What you are asked to do ▸ Below are some entries. Transcribe the lines from the one holding "Used 2025 Cadillac" to the one holding "Used Mercedes-Benz A-Class", inclusive, but not the pictures among them.

Data extracted from a collection:

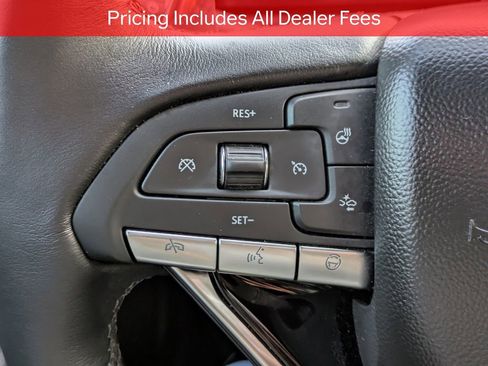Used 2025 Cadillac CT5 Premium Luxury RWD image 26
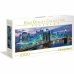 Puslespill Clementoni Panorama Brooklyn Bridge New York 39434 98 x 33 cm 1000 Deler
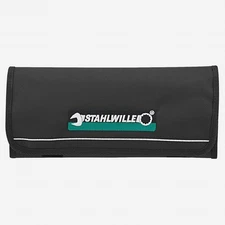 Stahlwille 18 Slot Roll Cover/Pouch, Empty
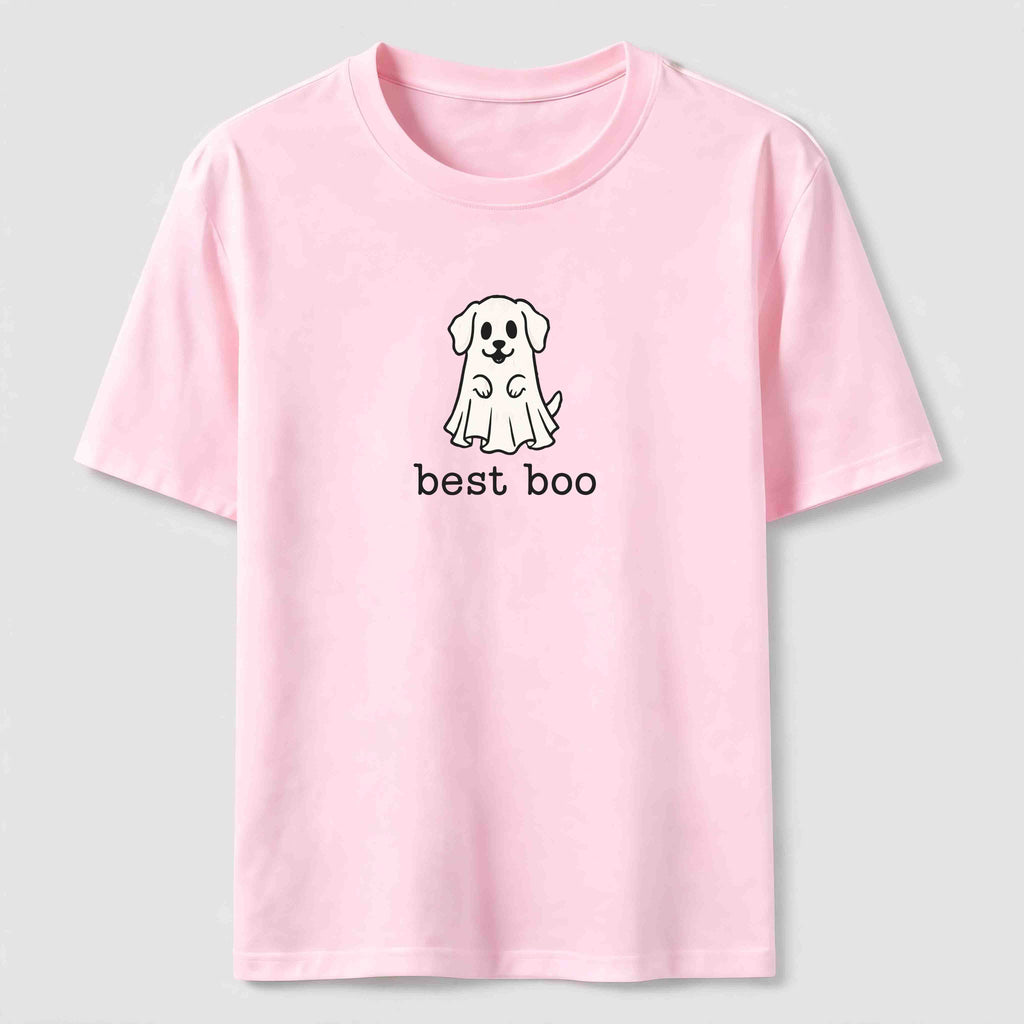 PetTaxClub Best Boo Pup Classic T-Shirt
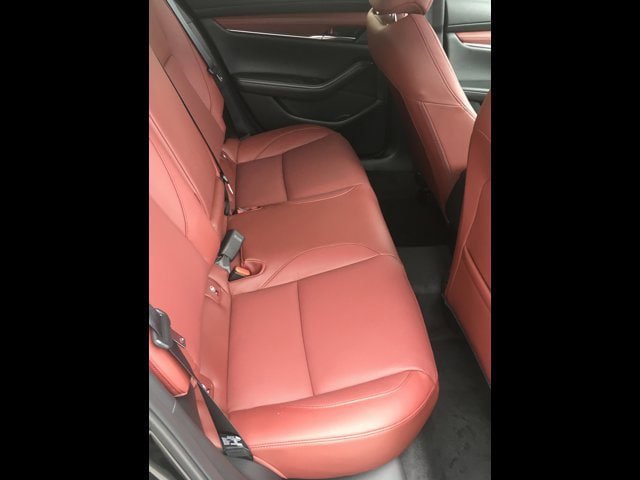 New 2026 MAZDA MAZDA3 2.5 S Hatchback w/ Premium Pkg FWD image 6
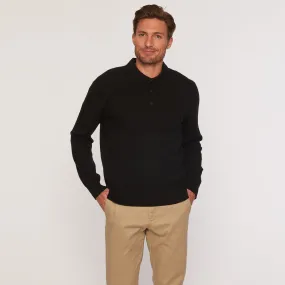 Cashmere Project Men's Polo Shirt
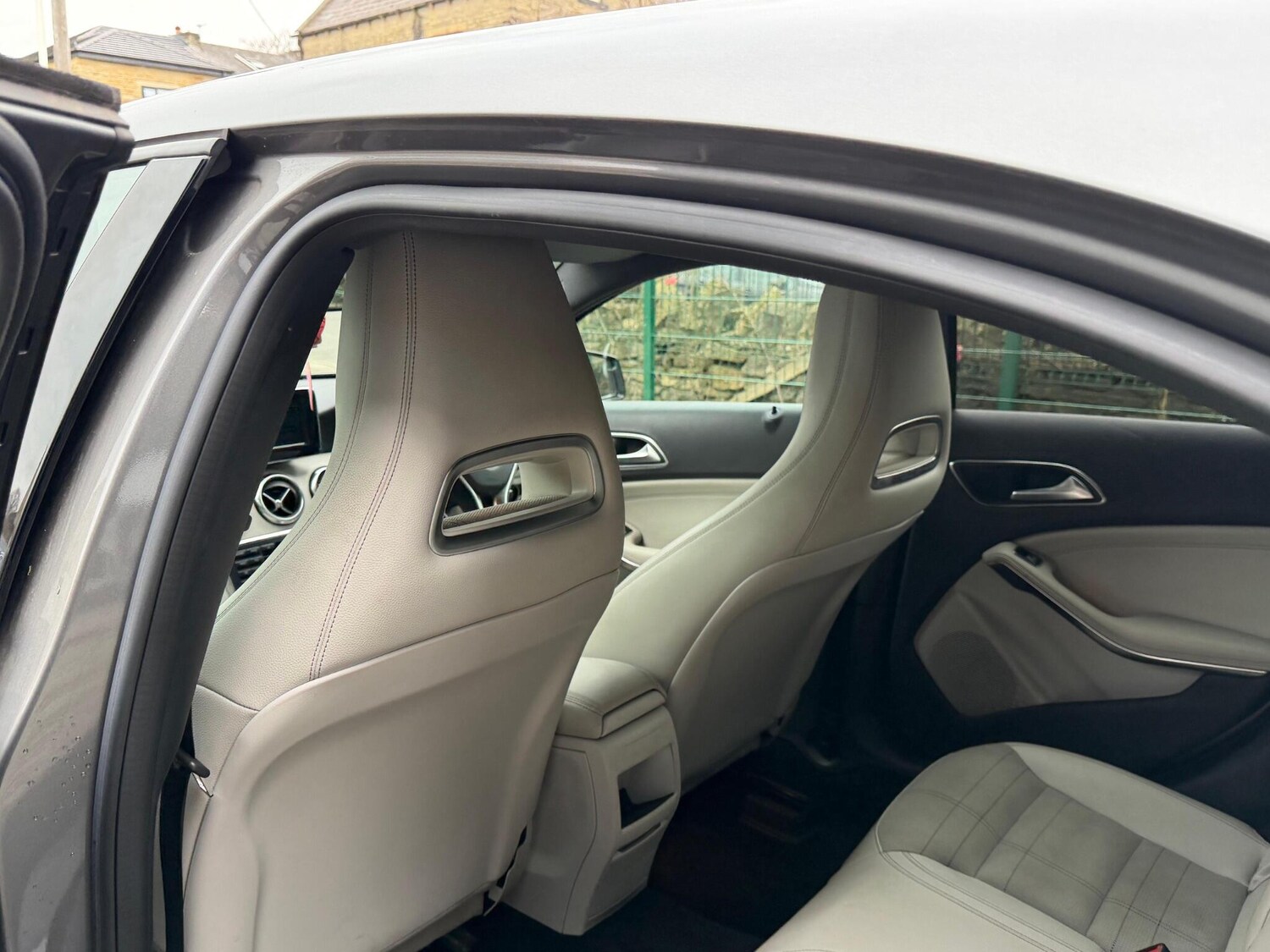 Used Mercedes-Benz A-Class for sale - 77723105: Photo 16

--

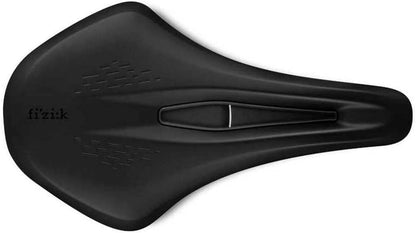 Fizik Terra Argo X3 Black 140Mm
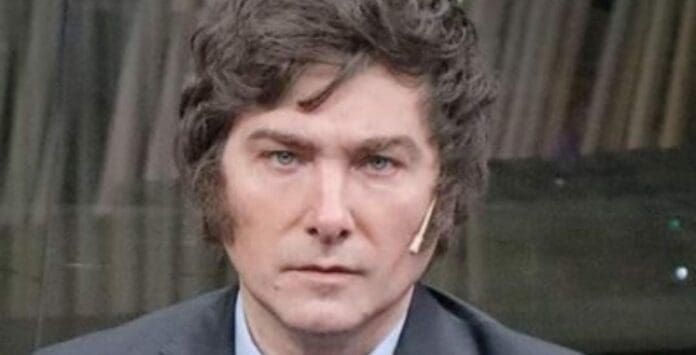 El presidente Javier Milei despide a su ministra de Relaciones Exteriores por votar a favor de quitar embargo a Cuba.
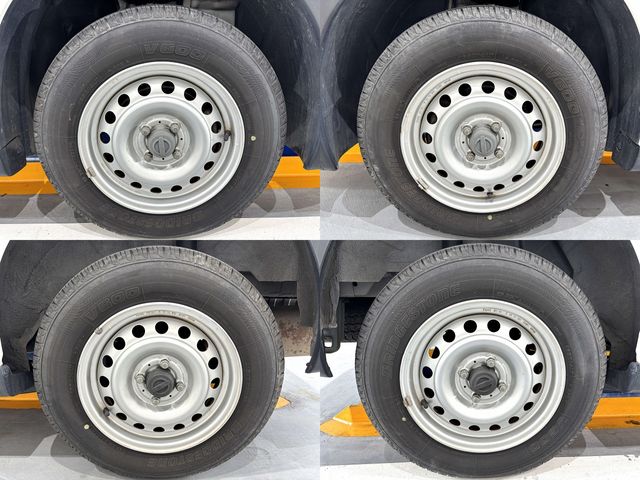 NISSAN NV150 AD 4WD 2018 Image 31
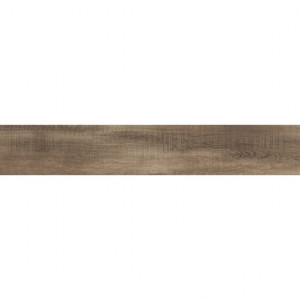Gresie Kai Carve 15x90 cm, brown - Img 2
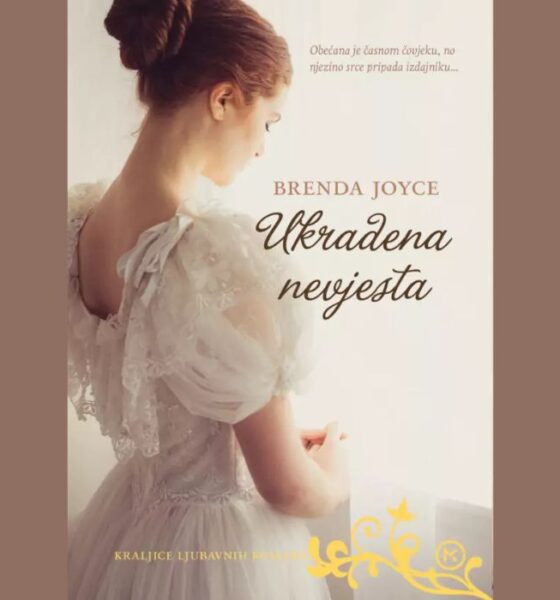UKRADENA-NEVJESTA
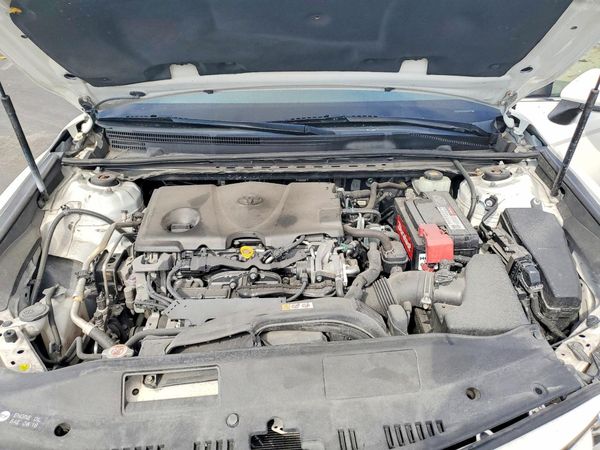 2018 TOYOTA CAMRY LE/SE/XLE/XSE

Solution below ▸
Used 2025 Cadillac CT5 Premium Luxury RWD image 26
 Puslespill Clementoni Panorama Brooklyn Bridge New York 39434 98 x 33 cm 1000 Deler
 Stahlwille 18 Slot Roll Cover/Pouch, Empty
 PetTaxClub Best Boo Pup Classic T-Shirt
 New 2026 MAZDA MAZDA3 2.5 S Hatchback w/ Premium Pkg FWD image 6
 Cashmere Project Men's Polo Shirt
 Used Mercedes-Benz A-Class for sale - 77723105: Photo 16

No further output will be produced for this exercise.